My mom Skype called me that morning, but I was asleep. She sent me a text message, thing that only happens when she gets worried I'm not answering her calls (she then proceeds to call Clark University, my advisor, my students account person, my friend Dominique and my ex boyfriend Diego). I didn't call her after waking up, I wanted to work out. But something about her text, no exclamation point peeking worrisome, no dot hinting anger made me called her... right after my workout of course.
She was cremated the very next day, even though I'm pretty sure she would have hated being cremated. I wasn't able to book a ticket to go say bye; I had no time to plan or money to afford the ticket. I didn't teared down, like Kim did. I didn't feel a tiny invisible-to-everyone-else bomb going off in between my two lungs, as I did months ago.
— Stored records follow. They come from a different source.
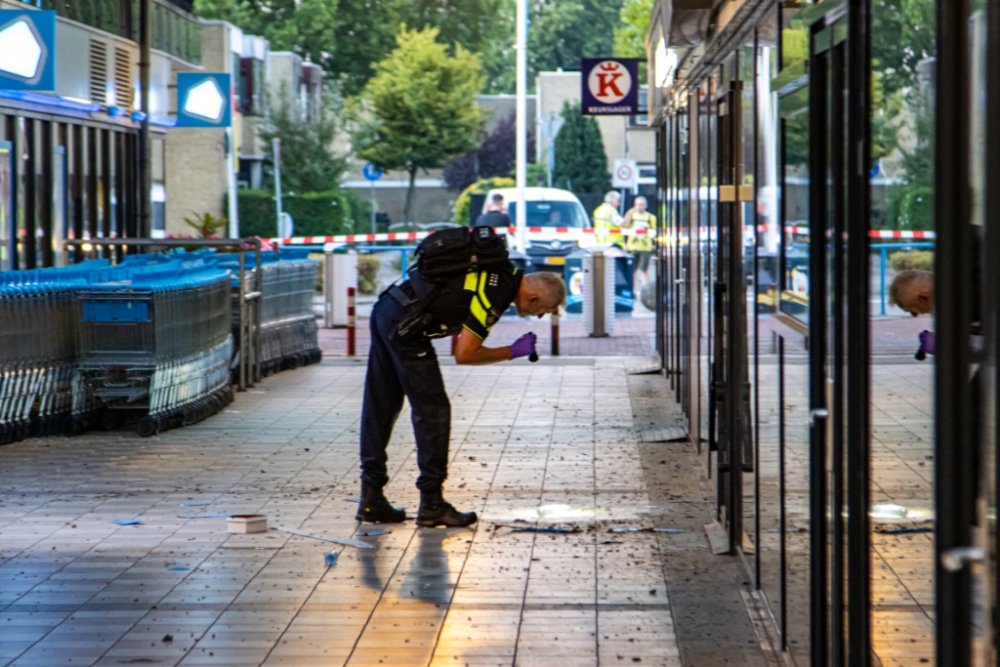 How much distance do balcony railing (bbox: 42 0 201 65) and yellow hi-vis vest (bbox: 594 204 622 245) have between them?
26.7 feet

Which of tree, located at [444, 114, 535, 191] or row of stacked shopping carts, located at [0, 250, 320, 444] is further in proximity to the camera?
tree, located at [444, 114, 535, 191]

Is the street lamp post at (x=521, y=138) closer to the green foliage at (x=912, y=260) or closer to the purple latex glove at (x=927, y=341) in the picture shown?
the green foliage at (x=912, y=260)

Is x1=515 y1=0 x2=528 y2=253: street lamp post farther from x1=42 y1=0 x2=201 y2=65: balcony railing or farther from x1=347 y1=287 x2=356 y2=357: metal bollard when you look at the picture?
x1=347 y1=287 x2=356 y2=357: metal bollard

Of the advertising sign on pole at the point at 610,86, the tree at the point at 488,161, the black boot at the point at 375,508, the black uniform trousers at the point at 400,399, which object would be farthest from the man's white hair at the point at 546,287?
the tree at the point at 488,161

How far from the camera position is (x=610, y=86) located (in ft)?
64.9

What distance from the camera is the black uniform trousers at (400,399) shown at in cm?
748

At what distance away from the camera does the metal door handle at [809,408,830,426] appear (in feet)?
13.0

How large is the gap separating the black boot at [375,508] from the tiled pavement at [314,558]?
89mm

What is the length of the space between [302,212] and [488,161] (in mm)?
15664

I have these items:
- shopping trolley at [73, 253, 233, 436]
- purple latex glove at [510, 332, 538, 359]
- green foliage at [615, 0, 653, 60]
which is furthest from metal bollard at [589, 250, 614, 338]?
green foliage at [615, 0, 653, 60]

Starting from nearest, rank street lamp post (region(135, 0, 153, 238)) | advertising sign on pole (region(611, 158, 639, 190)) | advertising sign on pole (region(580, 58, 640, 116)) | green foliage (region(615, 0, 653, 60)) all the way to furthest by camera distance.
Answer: street lamp post (region(135, 0, 153, 238)), advertising sign on pole (region(580, 58, 640, 116)), advertising sign on pole (region(611, 158, 639, 190)), green foliage (region(615, 0, 653, 60))

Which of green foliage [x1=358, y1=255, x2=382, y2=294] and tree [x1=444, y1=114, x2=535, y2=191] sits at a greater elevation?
tree [x1=444, y1=114, x2=535, y2=191]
Maybe I was relieved, glad that she's no longer here to witness the decay of her apartment, of herself. Maybe I'm glad she's no longer here for reasons I'm not prepared to discuss, much less admit. Maybe later. Maybe never.
All I know is that, unlike Fernando, Miss Julieta doesn't have a dash to signify her lifetime but a vase sitting in our living room. All I know is that I will have to turn to the Portuguese lady again to make my wedding dress and that there's no one in my family that knows the secret behind her famous Hallacas. All I know is that, unlike Kim, I'm neither jet lagged nor content.